Activity:
Given the records underneath, please repeat exactly the lines from the line with "Luxury home in Encarnação, Mafra" through the line with "Alix the Label", passing over any picture.

Task inputs:
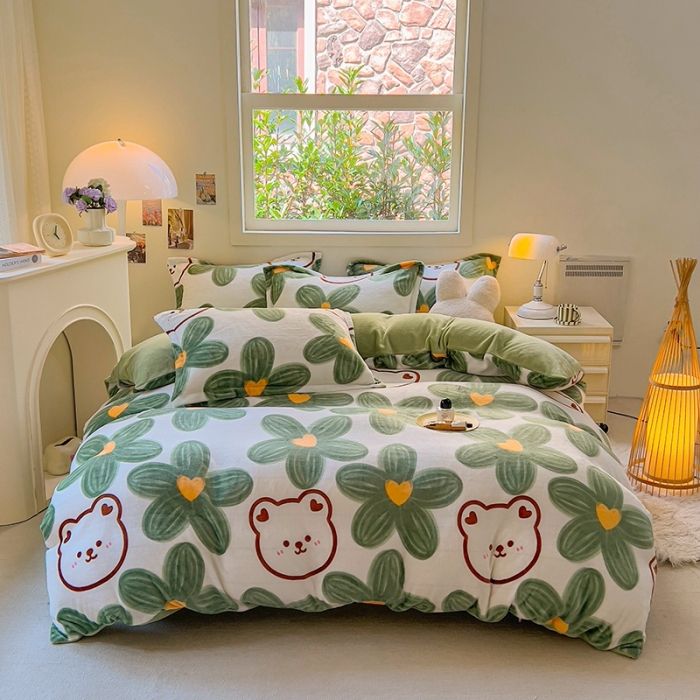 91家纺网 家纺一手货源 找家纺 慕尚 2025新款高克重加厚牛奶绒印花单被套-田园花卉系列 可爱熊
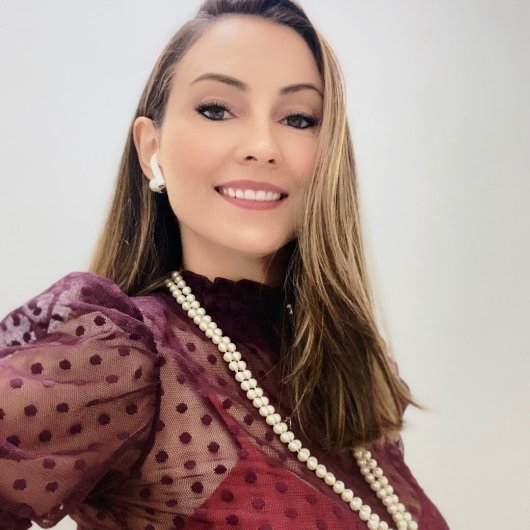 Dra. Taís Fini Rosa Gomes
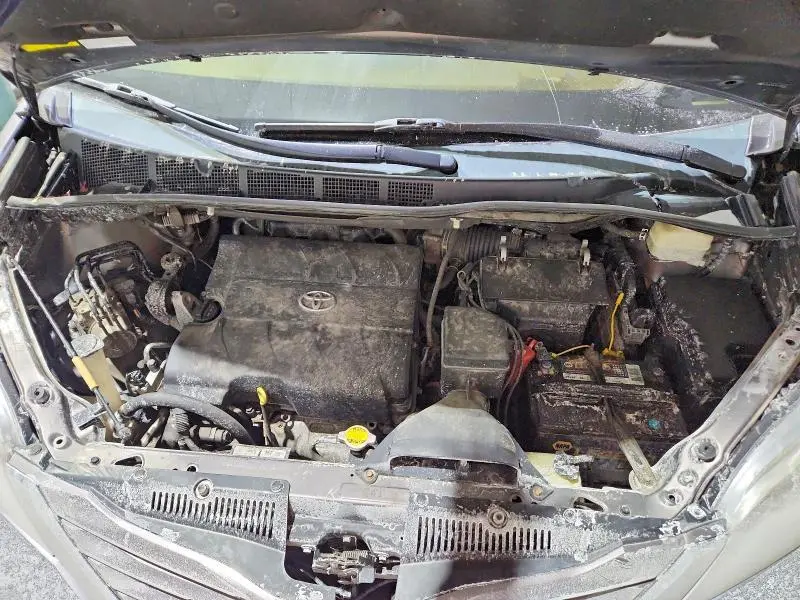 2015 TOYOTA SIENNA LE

---

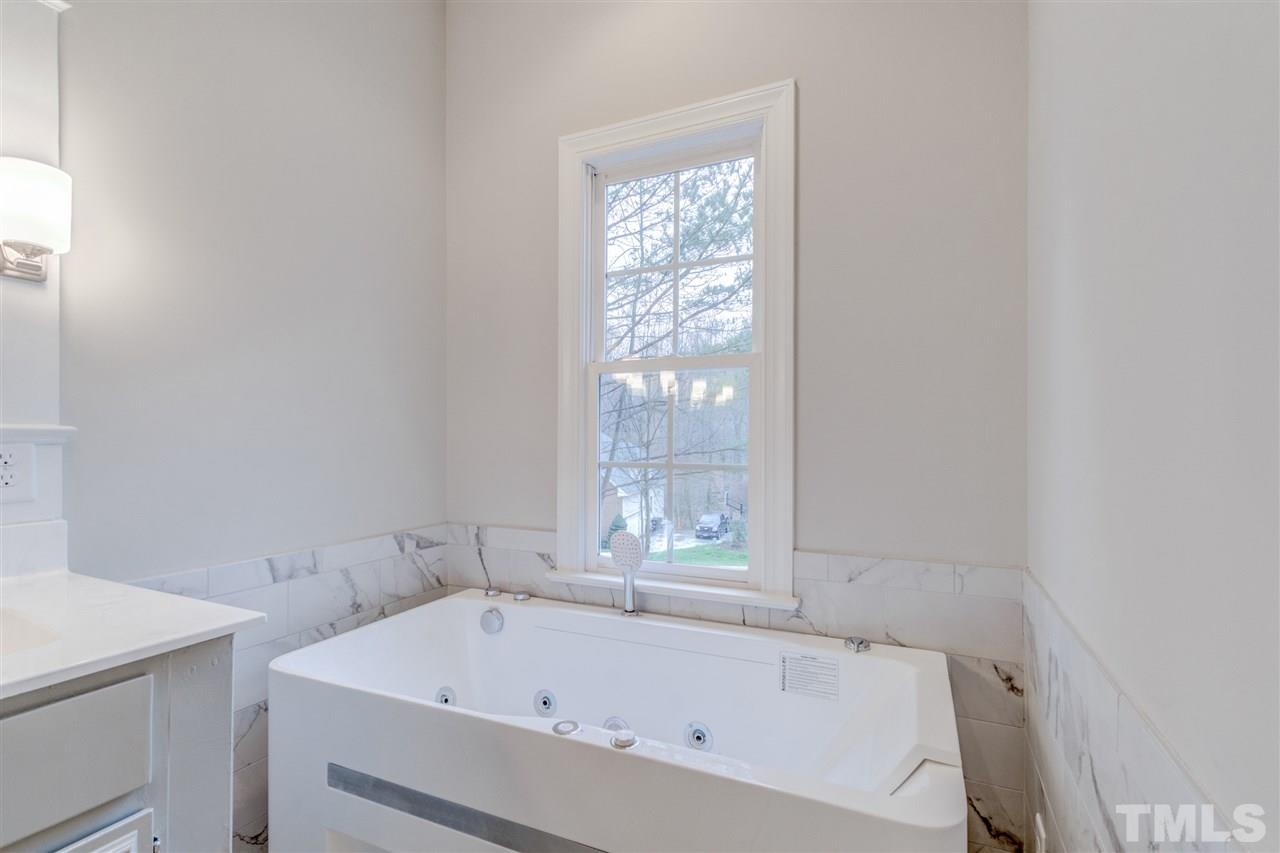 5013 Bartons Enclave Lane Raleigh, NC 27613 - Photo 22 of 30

...

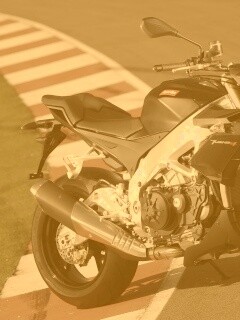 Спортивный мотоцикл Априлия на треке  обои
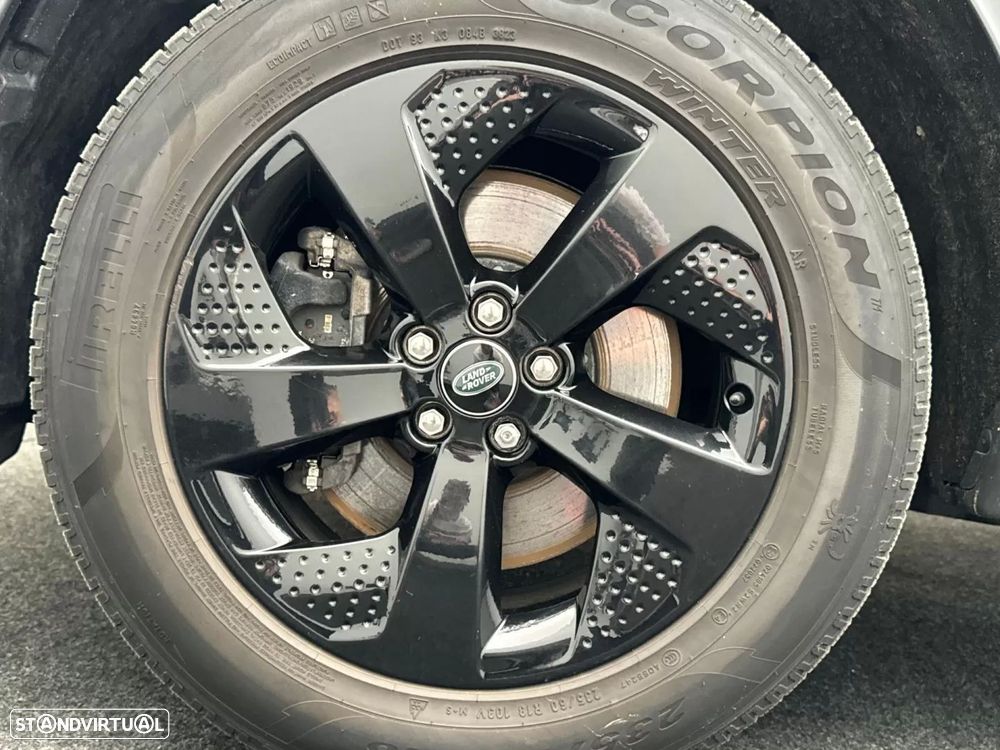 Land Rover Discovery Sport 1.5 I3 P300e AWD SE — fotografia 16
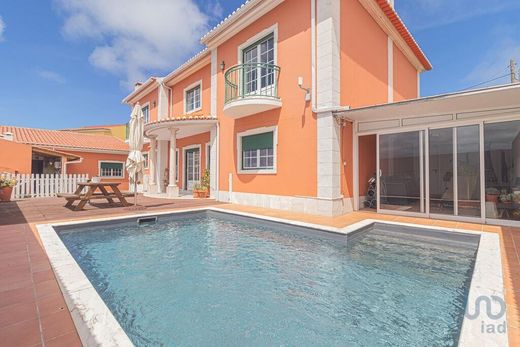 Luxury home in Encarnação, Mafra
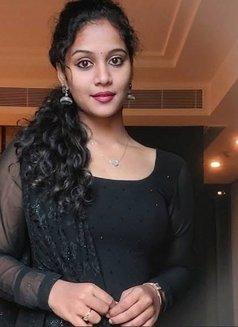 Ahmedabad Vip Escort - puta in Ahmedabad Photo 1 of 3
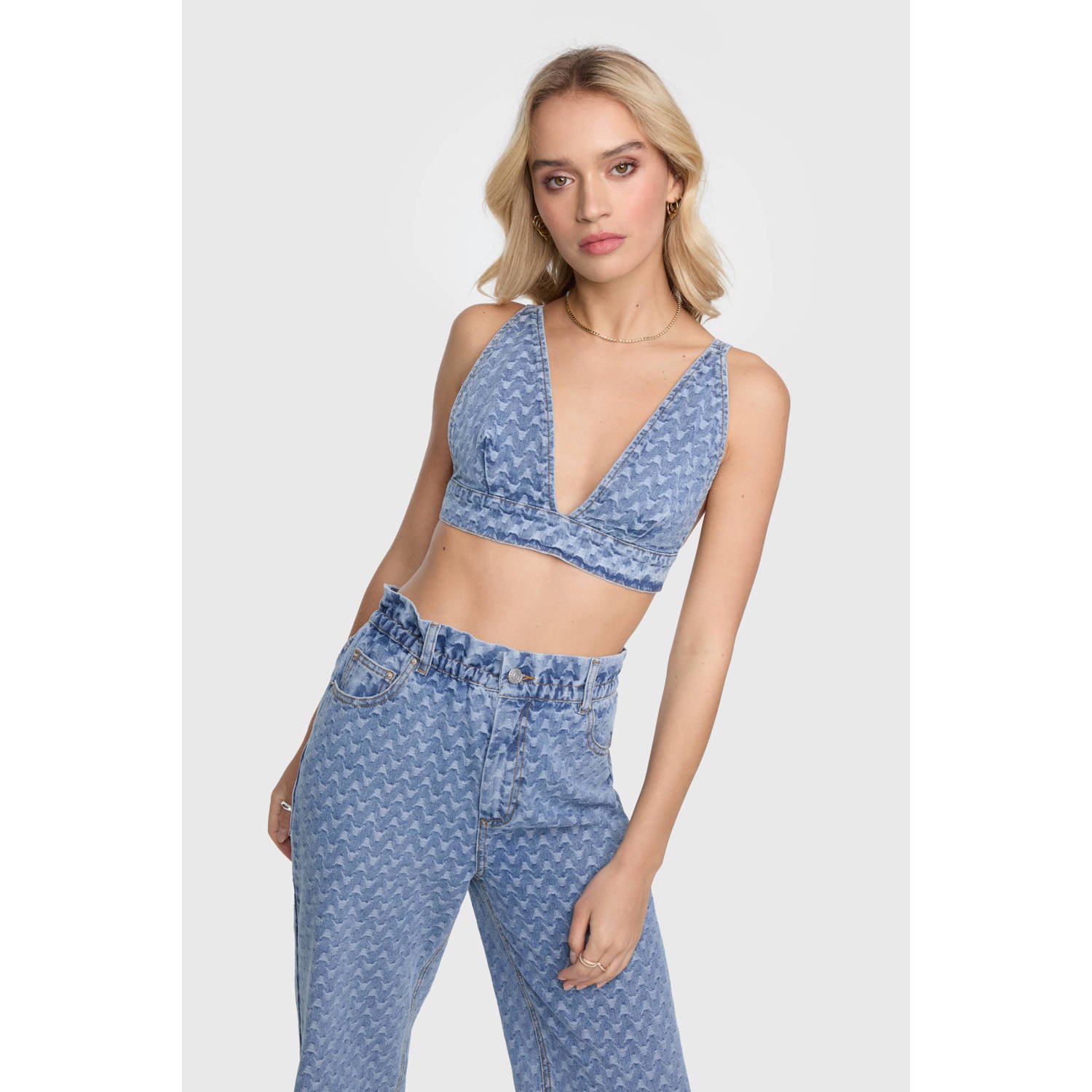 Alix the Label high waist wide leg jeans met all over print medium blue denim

Reply to the exercise:
 Luxury home in Encarnação, Mafra
 Ahmedabad Vip Escort - puta in Ahmedabad Photo 1 of 3
 Alix the Label high waist wide leg jeans met all over print medium blue denim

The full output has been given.